Sep 19, 2010

Implications of China Monetary Policy on Global Imbalances

Article first published as Implications of China Monetary Policy on Global Imbalances on Blogcritics.

China’s exchange rate policy has been a contentious issue in the global economy particularly between the China and the West. The West has long been criticizing China for keeping Yuan at an exceptionally lower value. They claim China is in an advantage position due its manipulated lower Yuan value, as it makes China exports cheaper. The US President Mr. Obama accused China as currency manipulator in his earlier days of coming to power.

West’s Concerns

The West says China had pegged Yuan value to the dollar. Yuan value did not change from its value of ¥6.83 a dollar since July 2008. However, China denied the claim on equal tone and resisted pressure from Obama to raise Yuan value Yuan value. Chinese Premier Hu Jintao said, “Yuan rise would neither balance Sino-US trade nor solve the [US] unemployment problem,” in April during the NSG (nuclear suppliers group) meet in Washington DC.

Many Economists and analysts suggested to China, it would be fair to share the growth of the economy by appreciating the Yuan value, when China recorded 11.9 percent of growth rate in the first quarter. Nevertheless, China did not find any pressing reasons for immediate appreciation of the Yuan value then.

The US Retaliation

The US Treasury Secretary Tim Geithner postponed submitting his report on whether the China was manipulating its currency value or not, to the Congress in April. It was rather a soft approach by the US, hoping China would reciprocate positively by tightening its monetary policy. It was also a revelation that the US was wary of trade war against China. China invested nearly 70% of its vast foreign reserves in the US Treasury bonds.

Instead of opting for trade war, the US resorted to several political actions against China with a touch of some economic flavor. It approved $6.4 billion valued arms sales to Taiwan amid accusations of arrogance and cold-war mentality from China. The package included 114 Patriot missiles, 60 Black Hawk helicopters and communications equipment for Taiwan’s military use. Some rumors were out from Chinese side that the Chinese PLA suggested the China should sell the US bonds in retaliation for selling arms to Taiwan.

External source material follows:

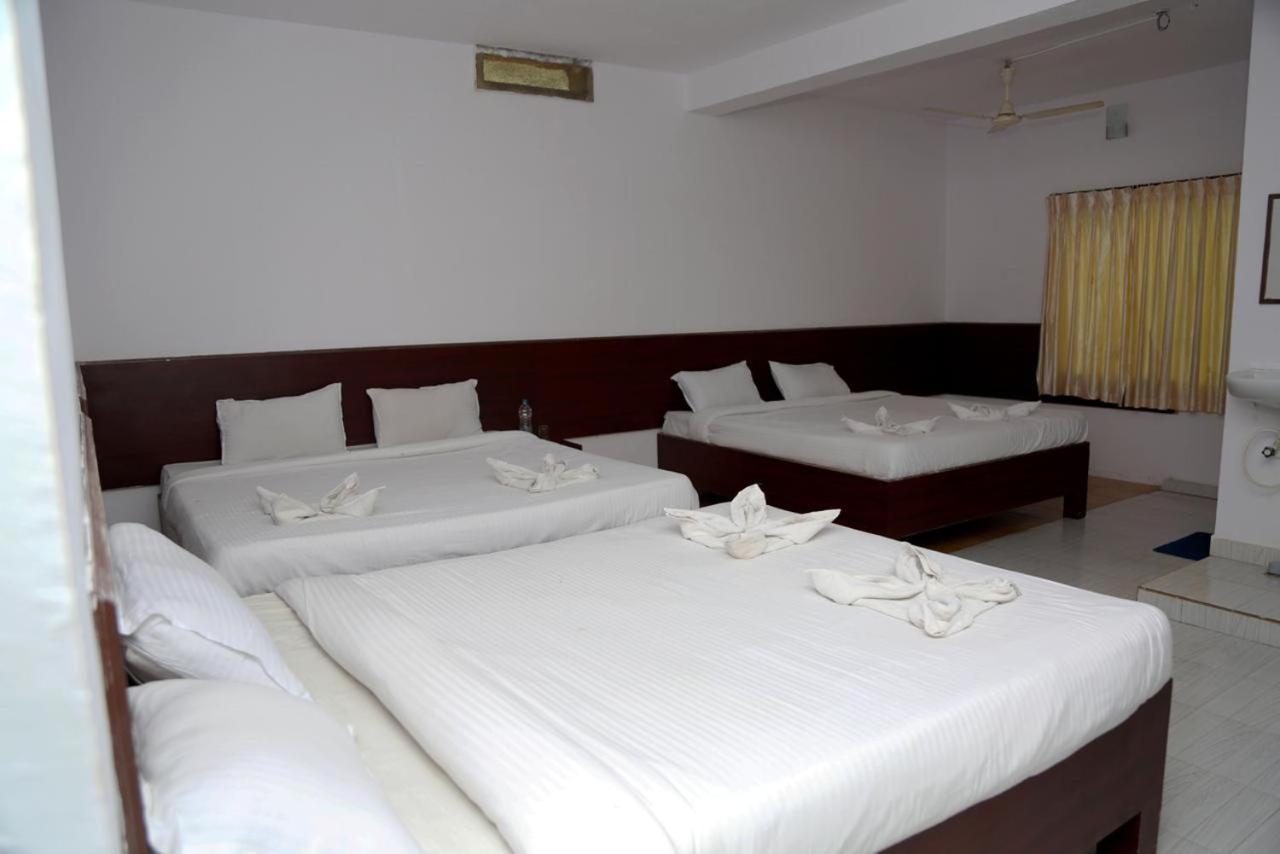 La Flora Beverly Hill Resort Madikeri Buitenkant foto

The US President Obama met Tibetans’ spiritual leader Dalai Lama despite warnings from China. The US imposed anti-dumping duties on tyres and Iron imports from China. Cyber-attack allegations and condemnations exchanged between the two countries for several months last year.

The US also conducted joint military exercises with South Korea in South China Sea, in the name of countering threats from North Korea. North Korea was alleged sinking South Korean submarine with a torpedo. China warned the US seriously on the exercises of serious consequences and conducted its own exercises separately in South China Sea.

Chinese Response

China finally responded in May regarding the exchange rate of Renminbi, another name for Yuan. It said in May last week this year that it was committed to the reforming of exchange rate regime, but stressed the reform would only be based on the needs of China’s own economic development and it would not succumb to external pressures. From then on the West waited eagerly for Yuan’s appreciation.

Although, the G-20 ministerial conference spared Chinese currency policy from a specific mention in its communique in June 1 weak, the IMF and the US issued separate letters to the G-20 participants pointing out the need for Yuan’s appreciation. Both the US and the IMF stressed the Yuan appreciation as the key for global rebalancing of economies. G-20 summit at Toronto in last week of June also did not make any explicit mention of Yuan value, as China warned before the summit that its monetary policy issues could not be mentioned on international forums.

Depegging

China announced on June 19 that it was leaving a part of the Yuan value to market influence. It meant that the major part of the value of Yuan would be kept unchanged and the remaining would be left fluctuating as per market requirements, still holding substantial part under regulation. After the announcement, the Yuan slightly appreciated by 0.7% in July last week.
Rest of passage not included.